While this colloquy was going on, Diana, raising her eyes by chance, had been suddenly caught by a resemblance, real or imaginary, between the portrait opposite to her and the man who stood immediately beneath. Having been once aroused, she looked again at Pandolfini, in whom she had taken a passing interest as the possible lover of Sophy, but whom she had ceased to notice for some time back. And he felt her eyes upon him, felt that she was at last looking at him fairly, her interest awakened—and his heart began to beat. He felt, too, that they were alone, though the others were so near. It was the first time they had really been brought face to face.

“Mr. Pandolfini,” said Diana, at last, “I wonder if it is only a trick of the light or of my eyes, but I seem to see a resemblance between you and the Vandyke. Has it never been noticed before?

He turned to her instantly, with a smile which lighted up his face like a sunbeam—a sudden, sweet, ingratiating, Italian smile—trying hard to keep the tremulous eagerness of response down, and look as calm as she did. “I do not remember,” he said, in his slow and elaborate English; “but it would not be wonderful. My mother was dei Sogni—of the house of the Dreams,” he repeated, with some humour in his smile.

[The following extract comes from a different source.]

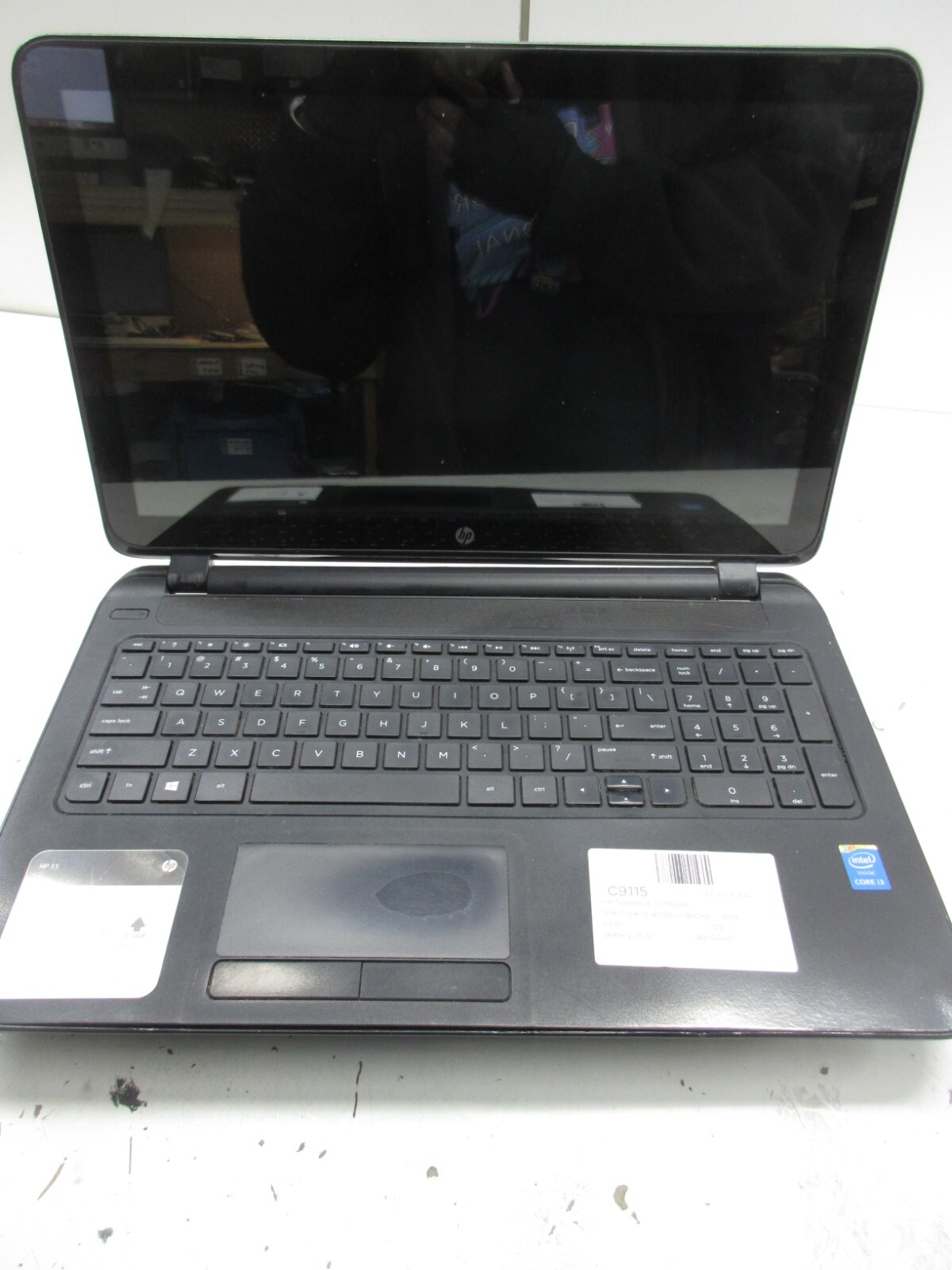 HP Notebook 15-f162dx Intel Core i3-4030U 1.90GHz 6GB NO HDD No Batt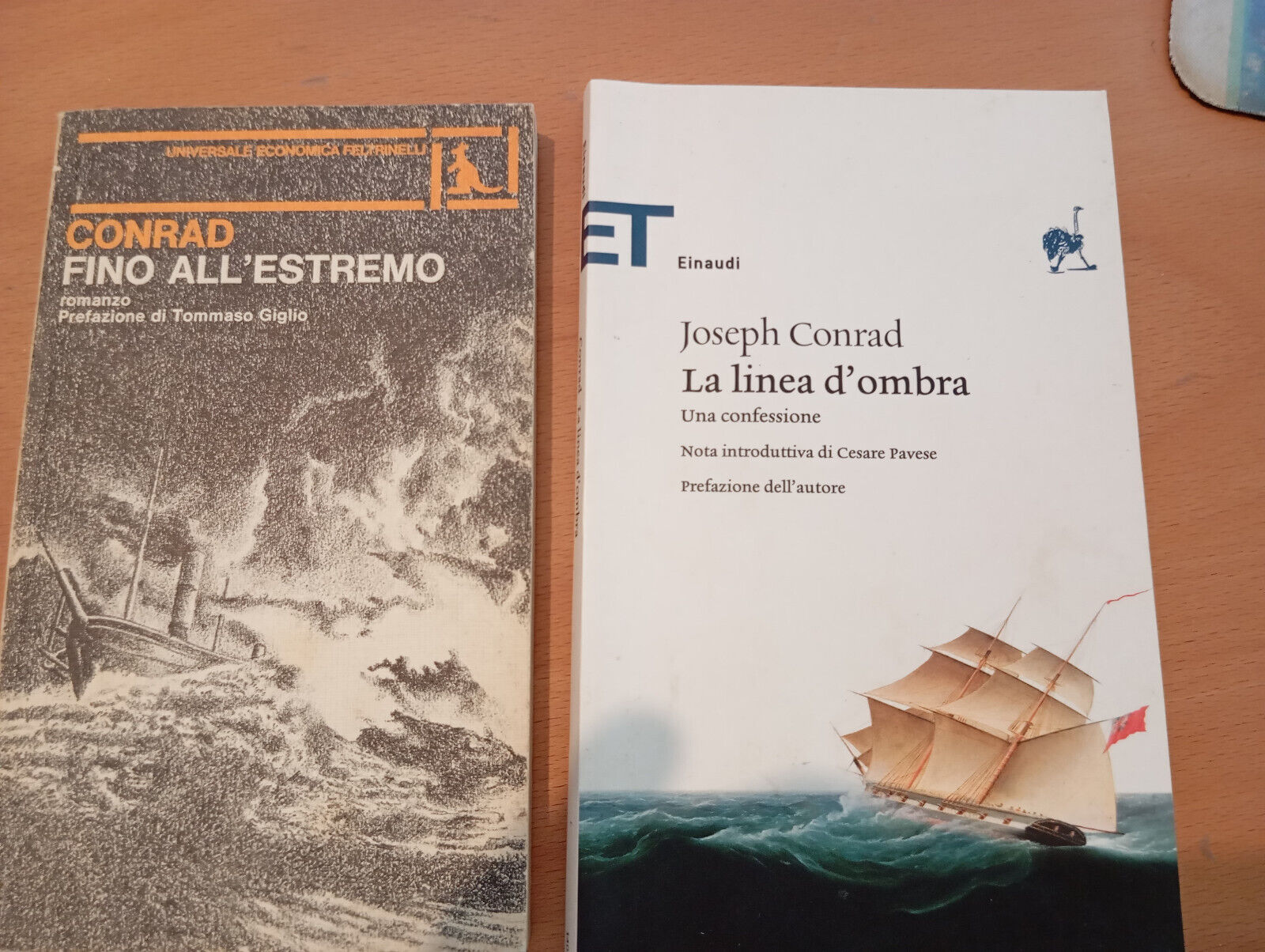 Lotto 2 libri di Joseph Conrad, La linea d'ombra, Fino …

Diana was dazzled by the look he gave her. It is the only word to use. It was not the ordinary smile, but a lighting up of the whole man, face and soul. “Indeed!” she said, ashamed of the commonplace word. “Then I may believe I am right. I did not know there was any relationship, so it was clever on my part. But if you belong to the race, Mr. Pandolfini, what poor intruders you must feel us all to be! Invaders, Goths, Forestieri—that means something like barbarians, does it not?”

“Perhaps—in the ancient days,” he said; “but now it has another signification. What was that anecdote which finds itself in all your histories?—Anglorum, Angelorum.”

“Ah, we are but a poor kind of angels nowadays,” said Diana; “black often, not white, I fear; and when we rush over your beautiful places, and crowd your palaces—like this—you must be forbearing indeed, to think well of us. I feel myself an interloper when I look at your ancestor: he is the master of the house, not I.”

“That is—pardon me,” said the Italian, “because the Signora Diana is of the house of the dreams too.”

Diana looked up at him surprised. She was half offended too, with the idea of a certain presumption in the stranger who ventured to use her Christian name on such short acquaintance. But Pandolfini’s anxious respectfulness was not to be doubted, and she remembered in time that it was the Italian custom. Besides, Diana was but human, and to be addressed in this tone of reverential devotion touched her somewhat. “You mean of the house of the dreamers, I suppose. I have nothing to say against it. I suppose it is true.”

Then there was a momentary pause. Pandolfini, like other men, was absorbed and struck dumb, when the moment he had looked forward to, the moment when he could speak to her and recommend himself, really came. His mind was full of a hundred things, and yet he could not think of one to say.